We have already seen that the solutions are sin or cos functions. In fact, we can easily show that the solution of this differential equation must be either

$$\psi(x) = A\sin\left(\sqrt{2mE \over \hbar^2} x\right) \;\;\... ...;\;\;\; \psi(x) = B\cos\left(\sqrt{2mE \over \hbar^2} x\right)$$

where $A$ and $B$ are arbitrary constants. But since we need $\psi(0)=0$, the only solution that is consistent with the boundary condition is the sin solution. Thus, we take

$$\psi(x) = A\sin\left(\sqrt{2mE \over \hbar^2} x\right)$$

It's a simple matter to verify that this function satisfies the differential equation:

$${d\psi \over dx} = A \sqrt{2mE \over \hbar^2}\cos\left(\sqrt{2mE \over \hbar^2} x\right)$$

$${d^2\psi \over dx^2} = -A\left({2mE \over \hbar^2}\right)\cos\left(\sqrt{2mE \over \hbar^2} x\right)$$

$$= -\left({2mE \over \hbar^2}\right)\psi(x)$$

At this point, all we have is a general solution to the equation, but we still do not know the allowed values of $E$. But, there is also still one boundary condition we have not yet enforced. We need $\psi(L)=0$. This requires

$$A\sin\left(\sqrt{2mE \over \hbar^2} L\right)=0$$

In order to satisfy this, we can take any point where the sin function vanishes. We know that $\sin(n\pi)=0$ for any value of $n$. Thus, our boundary condition is equivalent to

$$\sqrt{2mE \over \hbar^2}L = n\pi$$

Solving this equation for $E$ gives us the allowed energies:

$$E = {\hbar^2 \pi^2 \over 2mL^2}n^2 \equiv E_n$$

Note, first, that there are many allowable values of $E$, so we denote these by $E_n$ according to the value of $n$ that we choose. For each allowable energy, there is also a wavefunction $\psi_n(x)$ obtained by substituting $E_n$ into the expression for $\psi(x)$. This yields

$$\psi_n(x) = A\sin\left({n\pi x \over L}\right)$$

We still need to determine the constant $A$, but before we do this, a comment is in order.

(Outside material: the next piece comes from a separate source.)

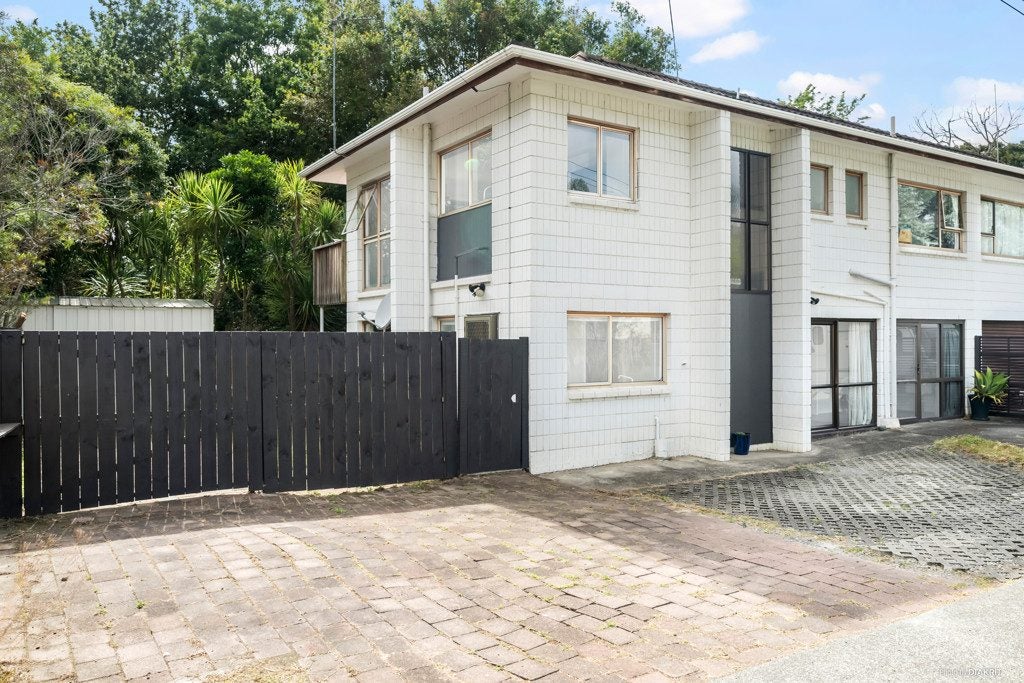 2/33 Glenvar Road, Torbay, Auckland - Carousel 1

Specifically, we are going to place a restriction on $n$. We will restrict $n$ to be the natural numbers $n=1,2,3,...$. The value $n=0$ gives a wavefunction $\psi_0(x)$ that is everywhere 0, and since the particle must be somewhere, this solution is not allowed. In addition, although the negative numbers $n=-1,-2,...$ also satisfy the boundary condition, since $\psi_{-n}(x) = -\psi_n(x)$, because $\sin(-y)=-\sin(y)$, we do not need to keep the negative values of $n$ because an overall minus sign on $\psi(x)$ does not change the probability of finding the particle in a region of the box becuase $p(x) = \vert\psi(x)\vert^2$. Thus, those wavefunctions that give unique probability densities are those for which $n=1,2,3,....$.

Let us now determine the constant $A$. There is still one piece of information we have not used and that is the normalization of $\psi_n(x)$. For each $n$, this function must be normalized to 1. This requires

$$\int_0^L \vert\psi_n(x)\vert^2 dx = 1$$

$$A^2 \int_0^L \sin^2\left({n\pi x \over L}\right)dx = 1$$

$$A^2\int_0^L\left[{1 \over 2} - {1 \over 2} \cos\left({2n\pi x \over L}\right)\right] = 1$$

$$A^2 \left[\left.{x \over 2}\right\vert _0^L - \left.{L \over 4n\pi}\cos\left({2n\pi x \over L}\right)\right\vert _0^L\right] = 1$$

$$A^2{L \over 2} = 1$$

$$A = \sqrt{2 \over L}$$

Thus, each wavefunction takes the form

$$\psi_n(x) = \sqrt{2 \over L}\sin\left({n\pi x \over L}\right)$$

The figure below shows the energy level diagram together with some of the wavefunctions and their associated probability densities $p_n(x) = \psi_n^2(x)$:

Figure: Energy level diagram, lowest order wavefunctions and lowest order probability densities for the particle in a box.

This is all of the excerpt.